Sunday Morning ~ Grandmothers

Sunday Morning ~ Grandmothers

Ukonde uyambira ku bwakale. ~ You start weaving a new net using the old one.

~ Chewa proverb

September 11, 2022

Hi Everyone,

My grandparents died when I was very young. I have vague memories of my maternal grandmother who spoke Acadian French, and was ‘senile” as my mother told me when I asked why she behaved the way she did. My grandmother would dress herself with her clothes on backwards, walk downstairs from the second floor apartment, and get lost in the streets of Cambridge. I remember my mother getting a call and without a word, jumping in the car to go look for her. I went with my mother once to that apartment where I nervously observed my mother re-dressing this smiling old lady, then watched as she threw out rotten food from the fridge, moaning in disgust. My grandfather sat mute in the rocking chair in the another dark room. To my childish senses the whole place smelled putrid. I think I held my nose the whole time. My memory of that afternoon is dark and shadowy. Once after that my mother took me to a nursing home, also shadowy and smelly, where both her parents lay in single beds side by side, my grandmother with the same smile on her face. She looked like an old doll. It is the last memory I have of her. I remember my mother getting a phone call reporting her mother had died, then hearing my mother make funeral arrangements. I sat on the stairs looking through the balusters, hiding, as if I weren’t supposed to be hearing the conversation but wanting to witness the mysteriously unfolding events. Adults would never explain or tell us anything so we had no choice but to be sleuths. I heard her say she wanted the corpse dressed in a blue dress, and later that afternoon, thinking I would make my mother feel better I guess (not that she looked or acted upset), I told her I saw a woman in a blue dress flying up to heaven. It was a lie. I had seen no such thing, but I somehow thought it would make her happy knowing her mother was on her way to heaven dressed as she wished. I remember my mother turning from the dishpan, her hands soapy, her apron intact, and laughing. 

I envied my friends’ relationships with their grandparents. It all seemed so loving and happy, and I wondered what it would be like to be loved like that. In my college dorm we once took up a collection so a co-ed could get a bus home when her grandmother died.

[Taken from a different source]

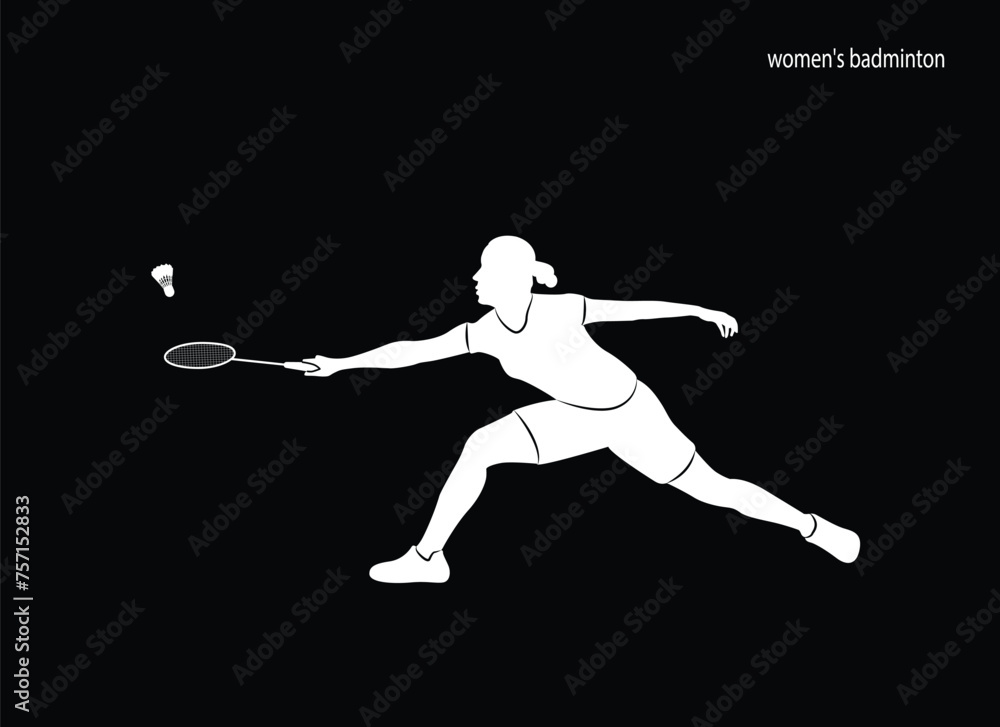 female badmintonFemale badminton player vector on white black background. Female badminton. Active sport.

I thought it was remarkable she should go to such effort. Feeling generous, and in line with other contributions, I donated a dollar, but I felt left out of the true sympathy others were expressing. My empathy was forced and wistful.

Five years later, my mother held my firstborn for the first time. I had never seen her so joyful. He was a year old by then, her first grandchild born in Africa and distant for the first year of his life. I loved seeing her expression and knew he’d have something I hadn’t. She was like that with all my kids, though, she couldn’t hide her favoritism for the first. The other kids didn’t seem resentful, they just loved her back and it made her bloom. Even their teenage sarcasm was loving and tender, something I appreciated for her sake but resented for mine since they were pretty brutal to me.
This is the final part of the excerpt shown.